------ GIVEN DATA ------
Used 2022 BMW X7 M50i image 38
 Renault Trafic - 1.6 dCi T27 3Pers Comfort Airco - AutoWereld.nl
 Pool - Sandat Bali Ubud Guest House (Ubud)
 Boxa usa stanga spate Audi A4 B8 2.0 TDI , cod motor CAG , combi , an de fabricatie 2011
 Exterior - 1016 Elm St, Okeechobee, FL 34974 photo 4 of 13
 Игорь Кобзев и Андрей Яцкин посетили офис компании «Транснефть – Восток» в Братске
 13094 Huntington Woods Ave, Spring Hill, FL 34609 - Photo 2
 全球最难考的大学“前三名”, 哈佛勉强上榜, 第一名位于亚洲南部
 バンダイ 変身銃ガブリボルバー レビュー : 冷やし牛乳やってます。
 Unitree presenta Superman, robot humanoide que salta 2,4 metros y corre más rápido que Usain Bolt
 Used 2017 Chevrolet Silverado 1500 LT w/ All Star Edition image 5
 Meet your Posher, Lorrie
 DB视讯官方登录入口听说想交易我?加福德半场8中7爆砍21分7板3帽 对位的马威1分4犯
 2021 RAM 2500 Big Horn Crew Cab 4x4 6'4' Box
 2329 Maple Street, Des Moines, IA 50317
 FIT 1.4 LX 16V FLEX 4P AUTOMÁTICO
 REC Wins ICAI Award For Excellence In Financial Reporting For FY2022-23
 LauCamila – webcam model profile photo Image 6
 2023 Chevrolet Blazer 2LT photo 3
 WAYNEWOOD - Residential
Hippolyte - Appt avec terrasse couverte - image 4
------
» DESCRIPTION OF THE TASK
A verbatim transcription is required of the lines from the one with "2021 RAM 2500 Big Horn Crew Cab 4x4 6'4' Box" through the final line of the entries above, and of nothing else.

» SOLVED PROBLEM
 2021 RAM 2500 Big Horn Crew Cab 4x4 6'4' Box
 2329 Maple Street, Des Moines, IA 50317
 FIT 1.4 LX 16V FLEX 4P AUTOMÁTICO
 REC Wins ICAI Award For Excellence In Financial Reporting For FY2022-23
 LauCamila – webcam model profile photo Image 6
 2023 Chevrolet Blazer 2LT photo 3
 WAYNEWOOD - Residential
Hippolyte - Appt avec terrasse couverte - image 4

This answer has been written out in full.